ACTIVITY:
In the data below, reproduce everything exactly except the images.

EXCERPTED RECORDS:

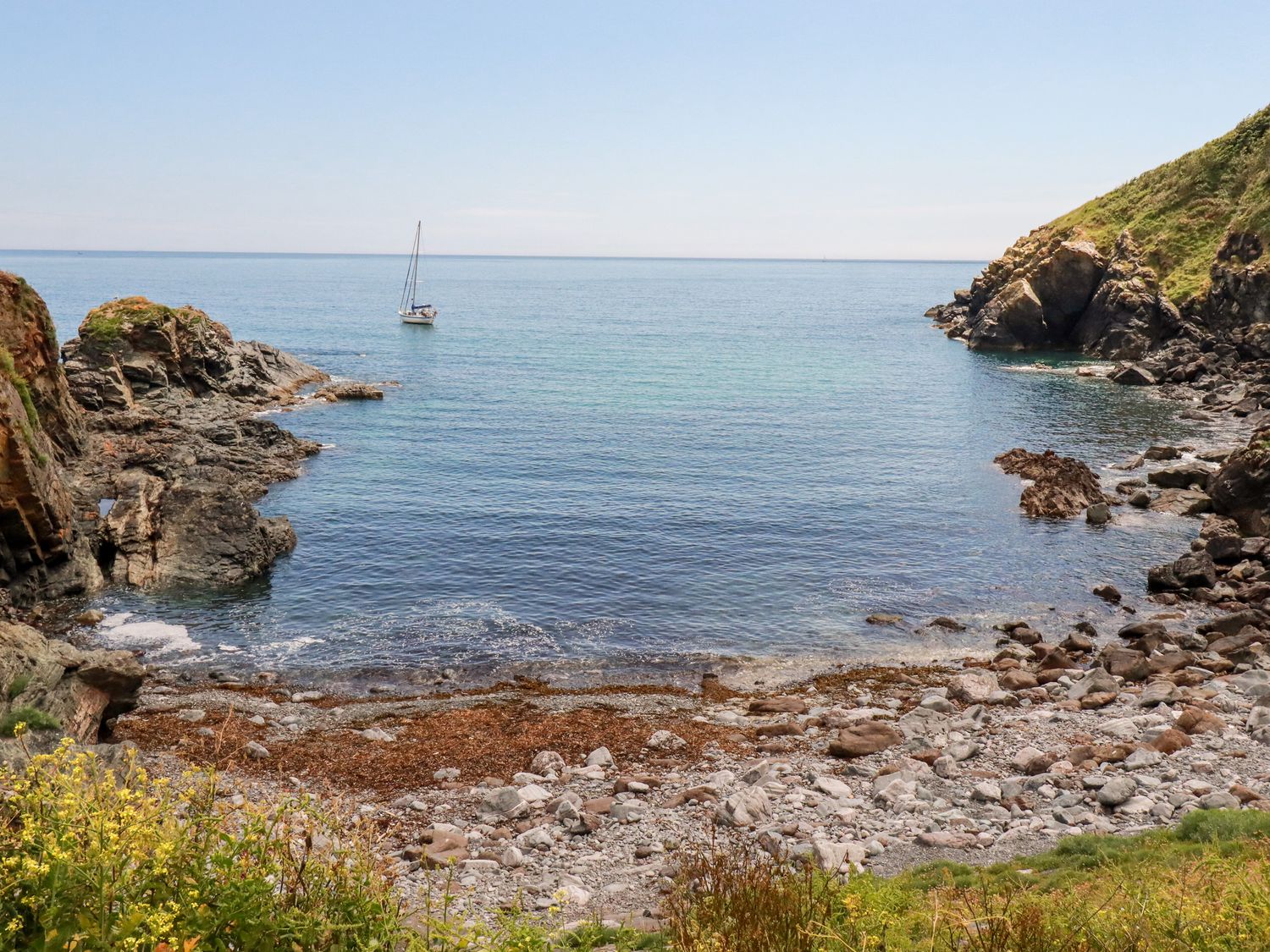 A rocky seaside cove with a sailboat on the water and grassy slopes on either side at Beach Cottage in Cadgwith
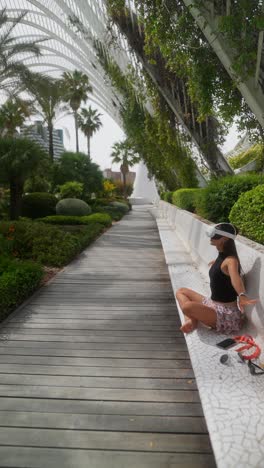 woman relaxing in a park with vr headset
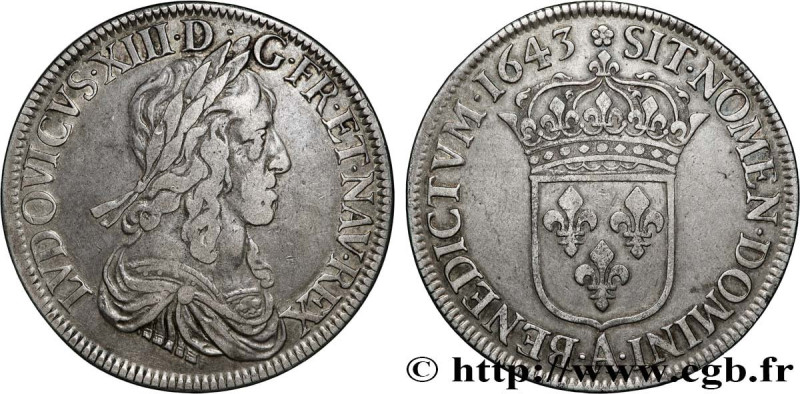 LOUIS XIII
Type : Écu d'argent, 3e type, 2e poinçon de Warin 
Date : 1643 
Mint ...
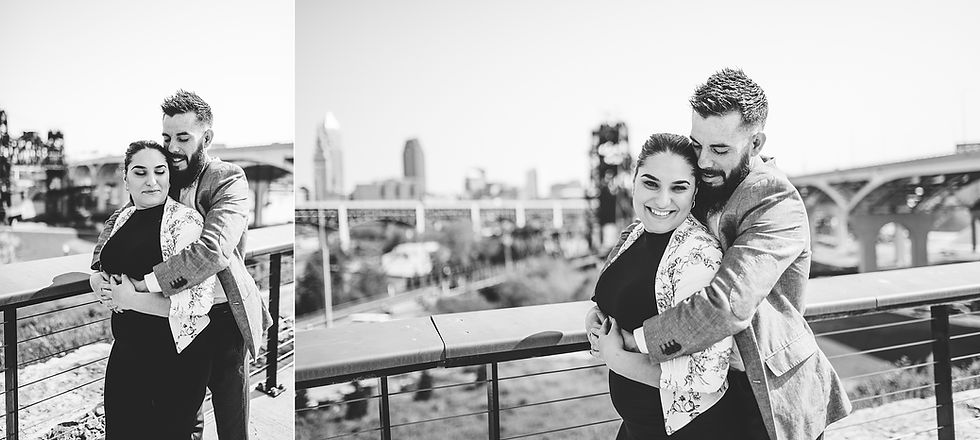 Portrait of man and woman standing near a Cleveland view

RESULT FOR THIS TASK:
 A rocky seaside cove with a sailboat on the water and grassy slopes on either side at Beach Cottage in Cadgwith
 woman relaxing in a park with vr headset
 LOUIS XIII
Type : Écu d'argent, 3e type, 2e poinçon de Warin 
Date : 1643 
Mint ...
 Portrait of man and woman standing near a Cleveland view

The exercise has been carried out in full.